Famous natives have included:
- James Chichester-Clark, a direct descendant of the Dawsons, who was the Prime Minister of Northern Ireland from 1969 to 1971.
- Marian Donnelly, former President of the Workers' Party, was born in Castledawson in 1938.
- Ciaran Gribbin, singer-songwriter and producer
- Seamus Heaney, Irish poet, playwright and translator, was born near Castledawson in 1939.

==Transport==
Castledawson railway station opened on 10 November 1856, closed for passenger traffic on 28 August 1950, and finally closed altogether on 1 October 1959.

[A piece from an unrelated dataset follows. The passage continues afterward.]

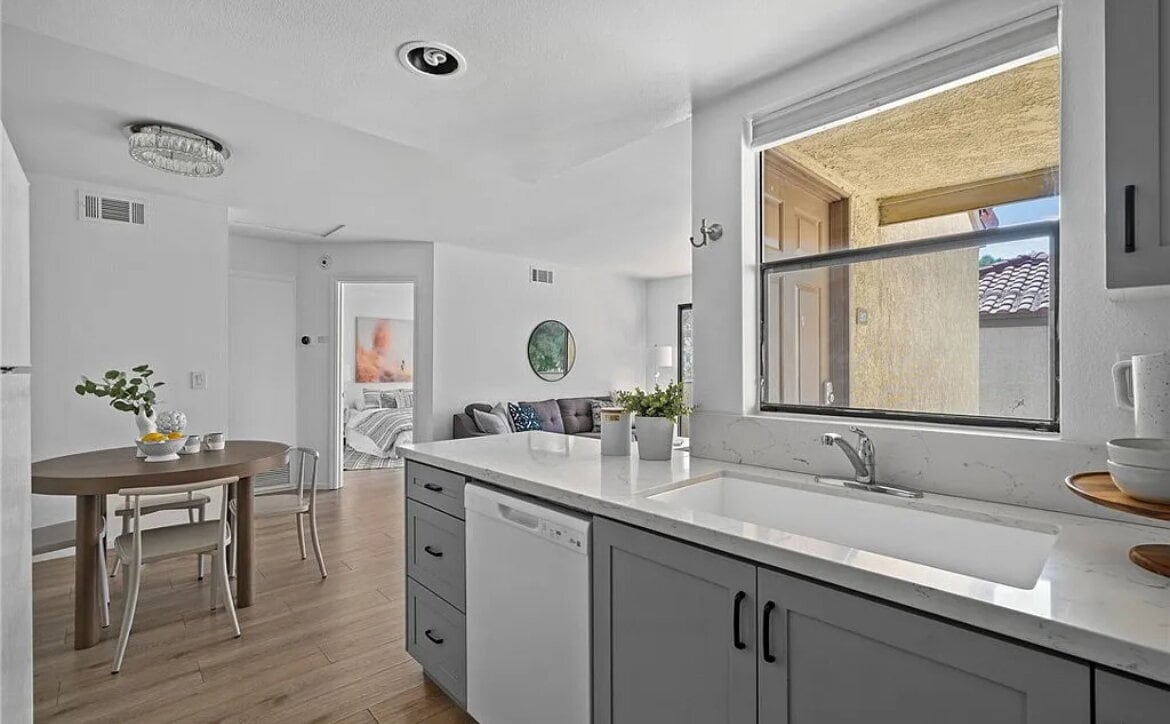 "Charming 1-Bed Oasis with Hardwood Floors... - "Charming 1-Bed Oasis with Hardwood Floors... Apartment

The main A6 Belfast to Derry road passed through Castledawson from 1971, when the nearby Castledawson roundabout was built, in anticipation of the completion of the M22, which was never forthcoming, until 1992, when it was finally bypassed by a single-carriageway A6 upgrade.
This section is currently being dualled, marking the end of a 47-year wait for the high-quality bypass it was promised, all those decades ago.

==Education==
- Castledawson Primary School
- New Row Saint Patrick's Primary School

==Sport==
Castledawson is home to the association football club Moyola Park, the Gaelic Athletic Association club St Malachys G.A.C. Castledawson and the eighteen hole Moyola golf club.

==2011 census==
According to the 2011 census, Castledawson has 3,329 residents. 53.44% of the Castledawson ward were Catholic, while 43.47% were Protestant.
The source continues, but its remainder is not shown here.